Assim, o Supremo Tribunal de Justiça manteve a decisão da Relação que declarara ilícito o despedimento da trabalhadora. Ficou assente que as funções de direção e planeamento, que constituíam o objeto do contrato de trabalho, não se confundem com tarefas meramente executivas, como a reposição de stocks, sendo ilegítima a imposição de ordens suscetíveis de desqualificação profissional.

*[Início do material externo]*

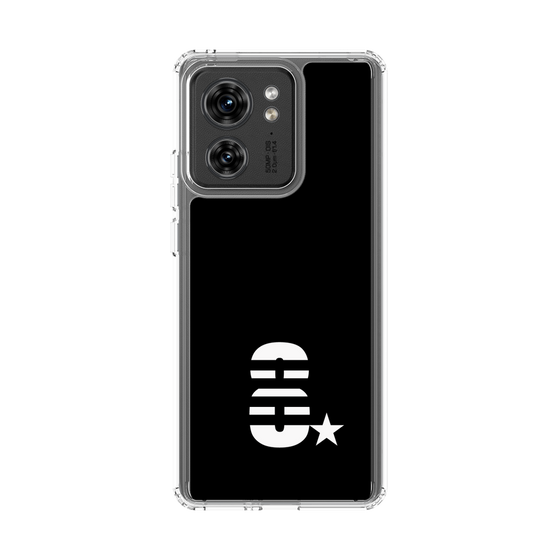 スリムプロテクションケース［ MIW - #8 - ブラック ］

Do mesmo modo, o Tribunal reafirmou que o direito ao descanso semanal não pode ser neutralizado pela exigência de disponibilidade permanente, sob pena de esvaziamento de um direito fundamental do trabalhador, independentemente da posição que este ocupe. Quanto às alegadas faltas de urbanidade e antecedentes disciplinares, reconheceu-se a sua existência, mas entendeu-se que não assumiam gravidade suficiente para, em termos proporcionais, legitimar a aplicação da sanção máxima. Por último, afastou-se a ideia de que a antiguidade pudesse constituir fator agravante automático no juízo disciplinar.

Este acórdão revela, assim, uma linha de orientação clara e nós continuaremos atentos à jurisprudência corrente.